Business

Smithson: Garment industry needs to rethink production

“Thrown out with all the rusted, tangled, dented goddamn

miseries.”

Canadian singer Jann Arden’s lyric came to mind as I read a stack of articles about the garment factory collapse in Dhaka, Bangladesh.

More than 600 workers have been killed and more are still unaccounted for.

It was a senseless, reckless, negligent workplace tragedy that is just the latest in an ongoing series of such disasters in places far away where clothes are produced for stores located very nearby.

Late last year, the Tazreen Fashions Ltd. factory in Dhaka burned down.

It produced clothes for a number of well-known North American retailers.

It occupied a nine-storey building and employed more than 1,000 low-wage workers.

Some 110 bodies were recovered after a fire ripped through the factory, causing panicked workers to leap from high windows in an attempt to escape. Most of the workers were women, most earned less than $40 per month.

Bangladesh is now a global centre for clothes manufacturing due to its cheap labour, with many popular brands using factories there to produce items for export to western markets.

Workplace safety standards can be pathetically low (or non-existent) or simply not enforced.

That disaster came on the heels of another fire in a Pakistan garment factory which killed 289 workers and injured 110 more.

As for the Tazreen fire, some reports quoted survivors as saying that doors were locked, managers prevented them from leaving the building, the factory had lost its fire safety certification due to a lack of proper safety arrangements and there were, apparently, no emergency fire exits whatsoever.

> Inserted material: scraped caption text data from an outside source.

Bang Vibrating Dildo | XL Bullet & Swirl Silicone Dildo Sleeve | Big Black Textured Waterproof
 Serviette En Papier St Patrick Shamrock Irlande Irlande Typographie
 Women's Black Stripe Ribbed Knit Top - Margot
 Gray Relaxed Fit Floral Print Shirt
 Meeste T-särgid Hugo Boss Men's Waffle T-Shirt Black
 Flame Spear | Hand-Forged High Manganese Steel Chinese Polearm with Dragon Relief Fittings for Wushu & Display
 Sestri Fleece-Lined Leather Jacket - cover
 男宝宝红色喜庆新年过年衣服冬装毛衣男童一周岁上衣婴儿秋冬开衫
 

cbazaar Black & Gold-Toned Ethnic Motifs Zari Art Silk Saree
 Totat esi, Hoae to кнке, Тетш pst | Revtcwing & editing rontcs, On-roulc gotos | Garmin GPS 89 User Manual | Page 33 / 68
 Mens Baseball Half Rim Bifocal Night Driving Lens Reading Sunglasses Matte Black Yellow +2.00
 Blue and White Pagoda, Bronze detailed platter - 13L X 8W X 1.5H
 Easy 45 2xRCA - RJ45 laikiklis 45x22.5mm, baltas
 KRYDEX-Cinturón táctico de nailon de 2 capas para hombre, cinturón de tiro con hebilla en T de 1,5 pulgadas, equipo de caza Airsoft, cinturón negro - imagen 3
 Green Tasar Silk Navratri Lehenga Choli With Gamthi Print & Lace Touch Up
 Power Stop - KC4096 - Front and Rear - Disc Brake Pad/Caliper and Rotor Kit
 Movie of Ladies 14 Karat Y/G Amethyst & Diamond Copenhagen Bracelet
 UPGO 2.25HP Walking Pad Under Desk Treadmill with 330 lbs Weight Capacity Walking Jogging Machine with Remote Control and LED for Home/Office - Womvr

Loblaw, which had some of its Joe Fresh line of products made at the collapsed site in Dhaka, has come forward with the concept of financial compensation for families of the affected workers.

It’s a grisly choice these companies have made, of paying families of dead workers instead of spending money to ensure their safety and welfare in the first place.

Loblaw would say, of course, that it never envisioned this sort of a tragedy and, if it had, it would have acted.

But anyone with a modicum of knowledge of working conditions in the garment industry in places like Bangladesh would have known such a disaster was inevitable and turning a blind eye isn’t the same thing as innocence.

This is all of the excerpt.